# PROBLEM REQUIREMENTS
Please reproduce the entries below exactly, starting at the first line and ending with the line that holds "2020-21 UD Tim".
DATA SHOWN Block Start
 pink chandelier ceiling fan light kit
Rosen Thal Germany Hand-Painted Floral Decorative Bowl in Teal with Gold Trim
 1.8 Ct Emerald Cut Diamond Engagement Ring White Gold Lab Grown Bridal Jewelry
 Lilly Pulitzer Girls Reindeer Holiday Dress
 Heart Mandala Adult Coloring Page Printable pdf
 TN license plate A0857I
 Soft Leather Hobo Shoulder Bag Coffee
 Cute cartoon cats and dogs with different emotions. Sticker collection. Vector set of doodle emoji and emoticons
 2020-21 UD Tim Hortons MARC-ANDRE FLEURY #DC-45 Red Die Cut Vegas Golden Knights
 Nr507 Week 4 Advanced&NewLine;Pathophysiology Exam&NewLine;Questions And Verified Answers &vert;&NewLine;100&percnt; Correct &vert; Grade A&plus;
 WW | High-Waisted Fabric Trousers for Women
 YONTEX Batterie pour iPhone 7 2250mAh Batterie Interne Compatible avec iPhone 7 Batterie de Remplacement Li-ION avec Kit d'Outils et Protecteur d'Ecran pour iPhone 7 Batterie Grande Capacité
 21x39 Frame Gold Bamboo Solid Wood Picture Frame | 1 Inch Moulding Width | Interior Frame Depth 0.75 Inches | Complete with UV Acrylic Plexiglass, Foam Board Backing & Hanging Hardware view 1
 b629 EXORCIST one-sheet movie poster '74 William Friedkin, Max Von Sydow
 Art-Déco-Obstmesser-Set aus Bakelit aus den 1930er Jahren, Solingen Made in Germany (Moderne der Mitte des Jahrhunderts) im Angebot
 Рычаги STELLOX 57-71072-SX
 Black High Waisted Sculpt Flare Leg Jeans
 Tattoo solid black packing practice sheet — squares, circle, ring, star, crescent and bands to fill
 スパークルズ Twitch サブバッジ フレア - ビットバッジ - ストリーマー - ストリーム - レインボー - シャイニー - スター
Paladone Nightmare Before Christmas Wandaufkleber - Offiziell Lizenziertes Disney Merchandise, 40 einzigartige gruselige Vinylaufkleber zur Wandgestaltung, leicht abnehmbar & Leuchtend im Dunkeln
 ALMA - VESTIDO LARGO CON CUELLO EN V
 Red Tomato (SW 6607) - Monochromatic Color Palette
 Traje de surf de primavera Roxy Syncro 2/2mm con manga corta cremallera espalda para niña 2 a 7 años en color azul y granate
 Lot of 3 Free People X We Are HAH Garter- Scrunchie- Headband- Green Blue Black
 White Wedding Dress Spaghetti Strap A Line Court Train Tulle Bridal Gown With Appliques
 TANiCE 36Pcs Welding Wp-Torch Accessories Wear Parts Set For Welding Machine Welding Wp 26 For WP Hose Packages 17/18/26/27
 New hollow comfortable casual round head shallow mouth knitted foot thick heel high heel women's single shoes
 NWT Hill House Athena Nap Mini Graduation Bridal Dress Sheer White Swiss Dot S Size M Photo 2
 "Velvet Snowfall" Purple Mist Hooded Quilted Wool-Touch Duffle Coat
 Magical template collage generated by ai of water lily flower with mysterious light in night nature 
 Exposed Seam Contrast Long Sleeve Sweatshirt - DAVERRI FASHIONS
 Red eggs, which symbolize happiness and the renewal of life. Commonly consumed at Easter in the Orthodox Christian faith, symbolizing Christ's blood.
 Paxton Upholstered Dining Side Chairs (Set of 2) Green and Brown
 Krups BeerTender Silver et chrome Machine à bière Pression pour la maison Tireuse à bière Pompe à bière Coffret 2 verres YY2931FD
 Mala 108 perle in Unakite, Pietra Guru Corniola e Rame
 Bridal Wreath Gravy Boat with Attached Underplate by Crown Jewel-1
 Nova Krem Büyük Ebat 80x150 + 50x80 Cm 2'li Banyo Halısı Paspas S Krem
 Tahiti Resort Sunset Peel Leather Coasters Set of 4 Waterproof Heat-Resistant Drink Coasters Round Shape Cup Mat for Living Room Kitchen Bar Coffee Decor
DATA SHOWN Block End
# EXPECTED ANSWER
 pink chandelier ceiling fan light kit
Rosen Thal Germany Hand-Painted Floral Decorative Bowl in Teal with Gold Trim
 1.8 Ct Emerald Cut Diamond Engagement Ring White Gold Lab Grown Bridal Jewelry
 Lilly Pulitzer Girls Reindeer Holiday Dress
 Heart Mandala Adult Coloring Page Printable pdf
 TN license plate A0857I
 Soft Leather Hobo Shoulder Bag Coffee
 Cute cartoon cats and dogs with different emotions. Sticker collection. Vector set of doodle emoji and emoticons
 2020-21 UD Tim Hortons MARC-ANDRE FLEURY #DC-45 Red Die Cut Vegas Golden Knights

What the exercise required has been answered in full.